§ GIVEN DATA

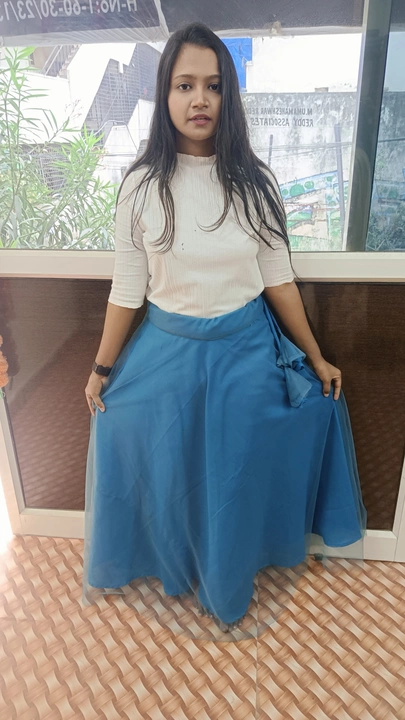 Aqua blue printed skirt uploaded by Friends Fashions on 12/3/2022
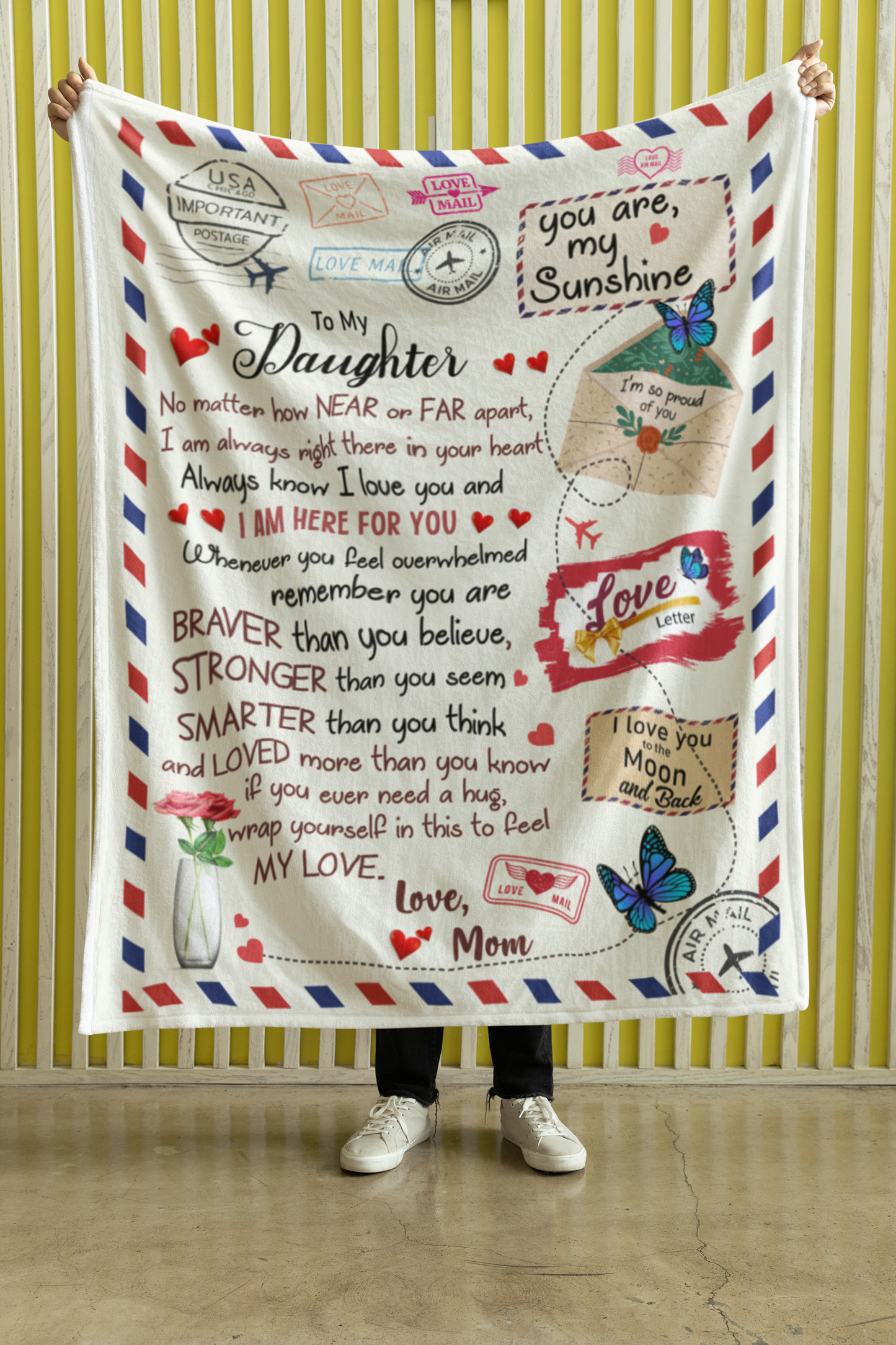 To My Daughter: 'No Matter How Far You Go, I Will Always Be Here for You' Letter-Themed | Sherpa Blanket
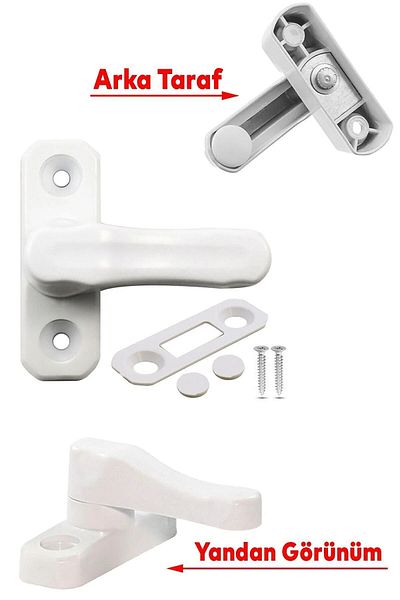 Badem10 10 Pieces Baby Kids Pimapen PVC Door Window Safety Protection Lock Latch Glass Lock White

§ WHAT YOU ARE ASKED TO DO
The result should be the full listing, retyped exactly and free of pictures.

§ PROBLEM SOLUTION
 Aqua blue printed skirt uploaded by Friends Fashions on 12/3/2022
 To My Daughter: 'No Matter How Far You Go, I Will Always Be Here for You' Letter-Themed | Sherpa Blanket
 Badem10 10 Pieces Baby Kids Pimapen PVC Door Window Safety Protection Lock Latch Glass Lock White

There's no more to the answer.